Exercise goal ▸ In the records below, reproduce exactly the lines from the one containing "Manitou mth 180" through the one containing "Conjunto Nike Tech", both included, and omit the pictures.

(Provided information begins)

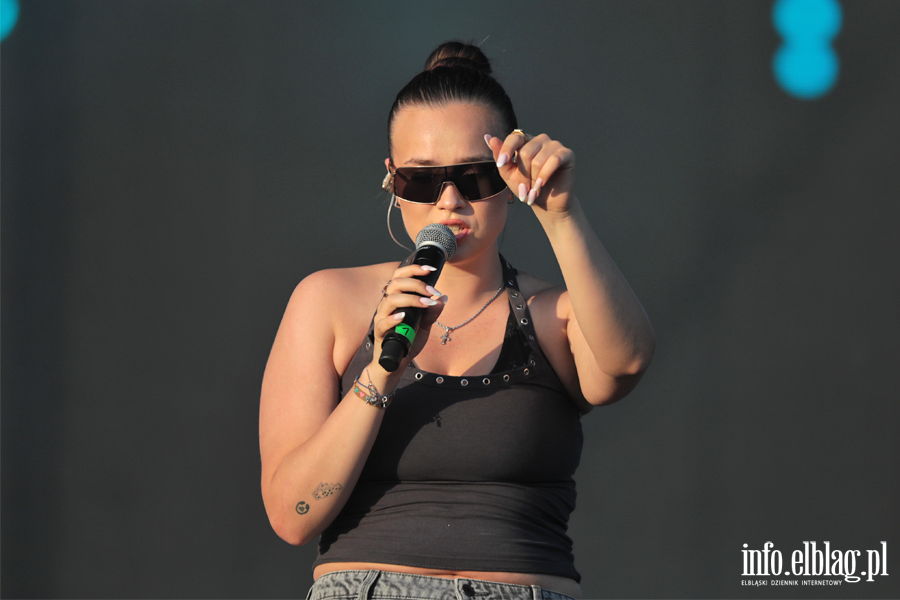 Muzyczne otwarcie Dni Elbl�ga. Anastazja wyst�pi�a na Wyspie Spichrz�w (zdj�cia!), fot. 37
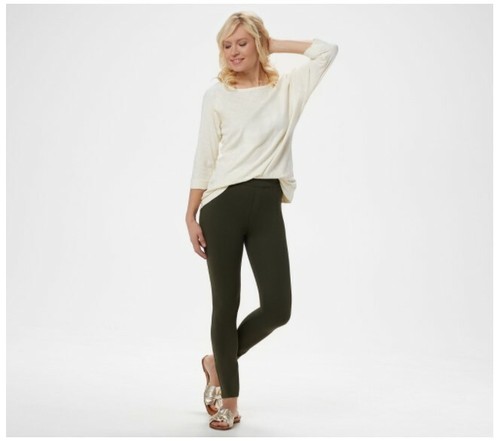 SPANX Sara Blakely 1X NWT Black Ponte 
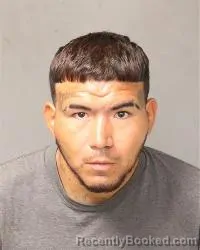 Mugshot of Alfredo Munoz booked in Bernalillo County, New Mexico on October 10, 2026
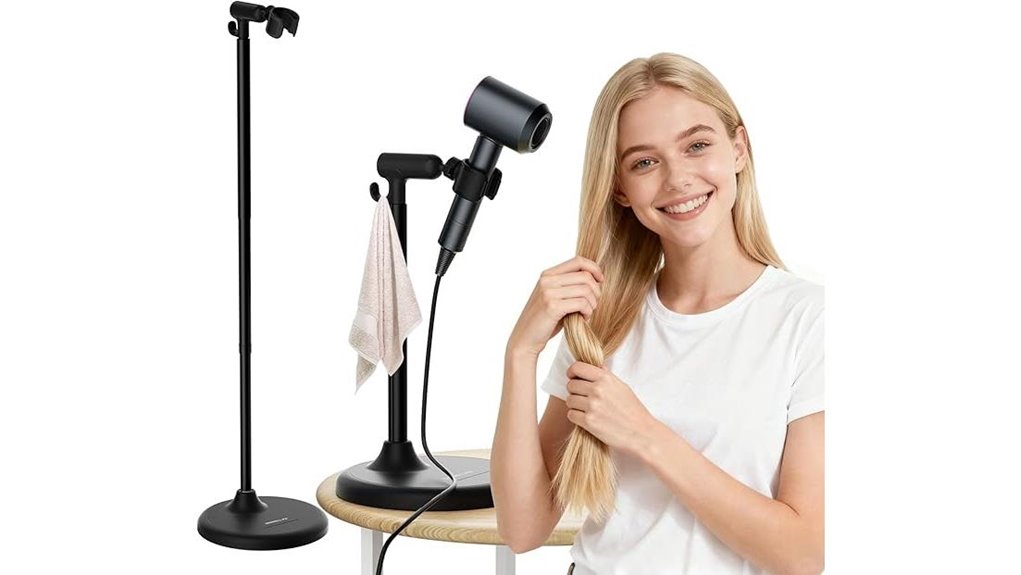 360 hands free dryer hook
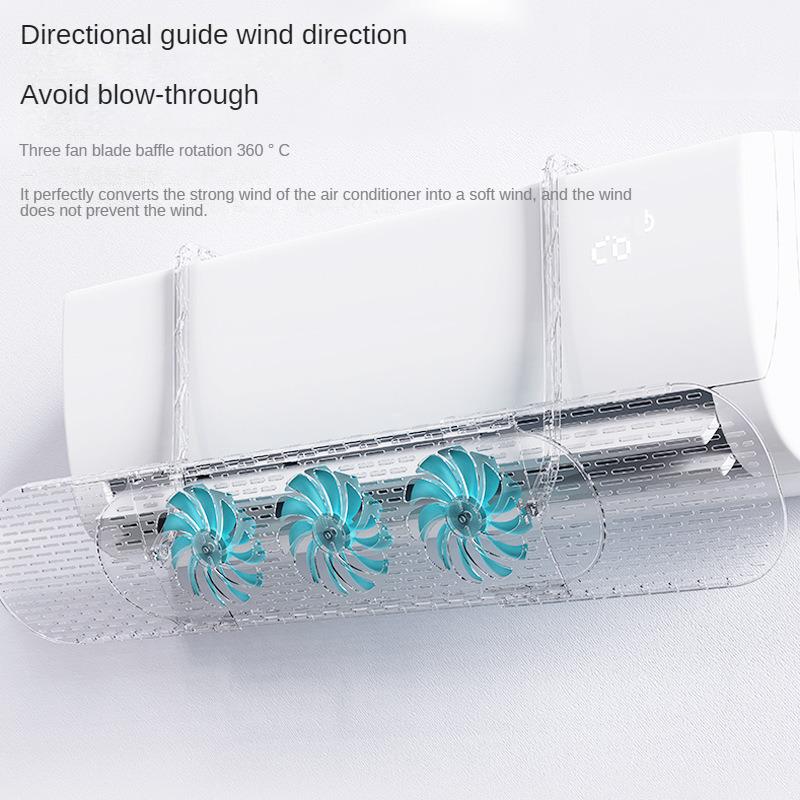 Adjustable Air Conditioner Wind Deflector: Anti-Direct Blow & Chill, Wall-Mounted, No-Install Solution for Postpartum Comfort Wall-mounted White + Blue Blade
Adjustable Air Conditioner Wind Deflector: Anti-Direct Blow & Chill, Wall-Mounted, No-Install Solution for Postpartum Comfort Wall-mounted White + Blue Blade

(Provided information ends)
(Provided information begins)

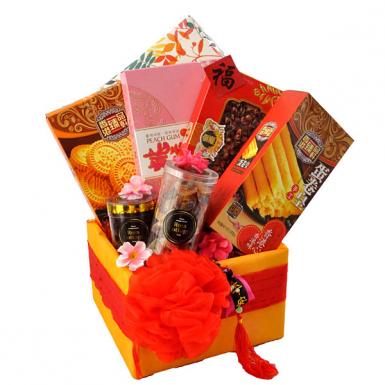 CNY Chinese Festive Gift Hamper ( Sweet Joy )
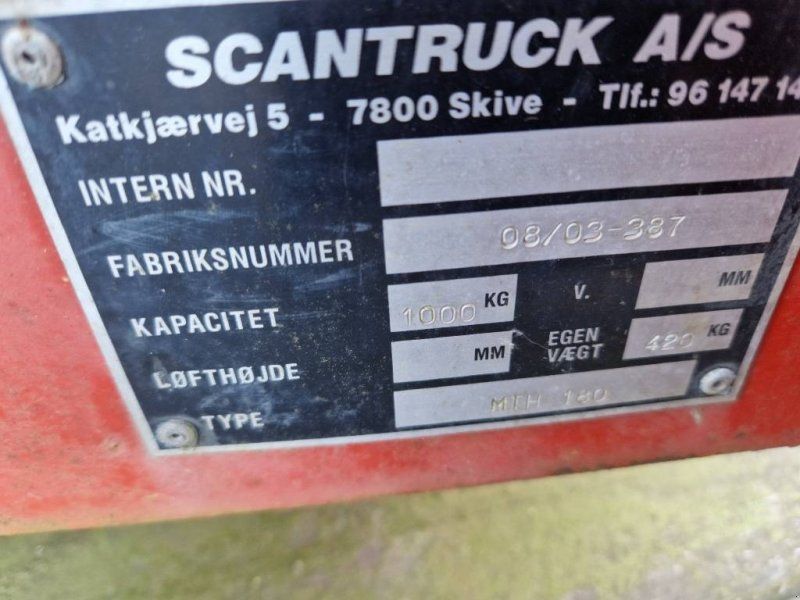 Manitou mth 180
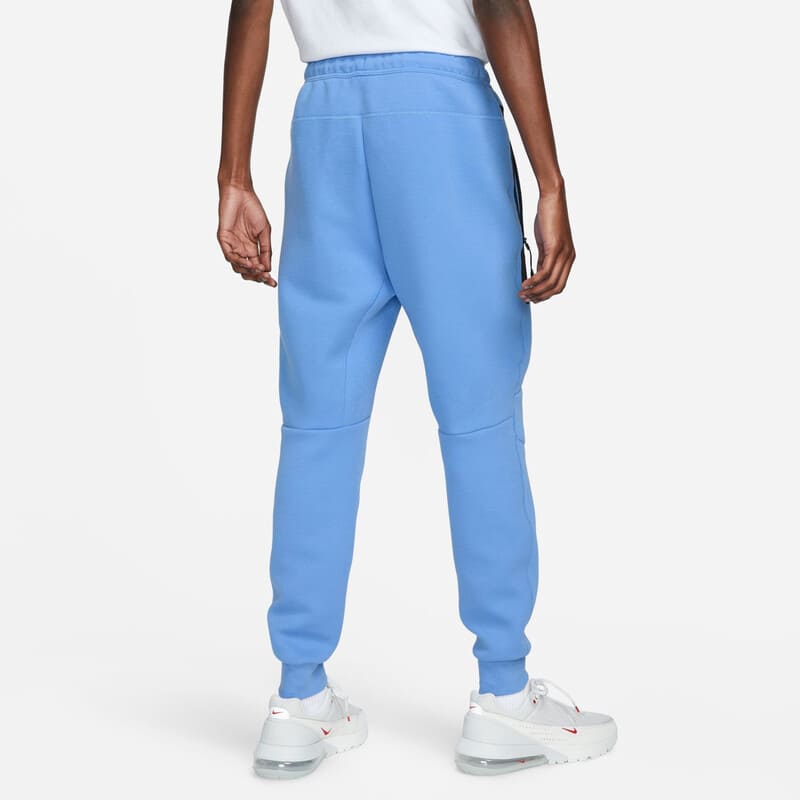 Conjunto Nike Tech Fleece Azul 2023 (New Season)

(Provided information ends)

Result ▸
 Manitou mth 180
 Conjunto Nike Tech Fleece Azul 2023 (New Season)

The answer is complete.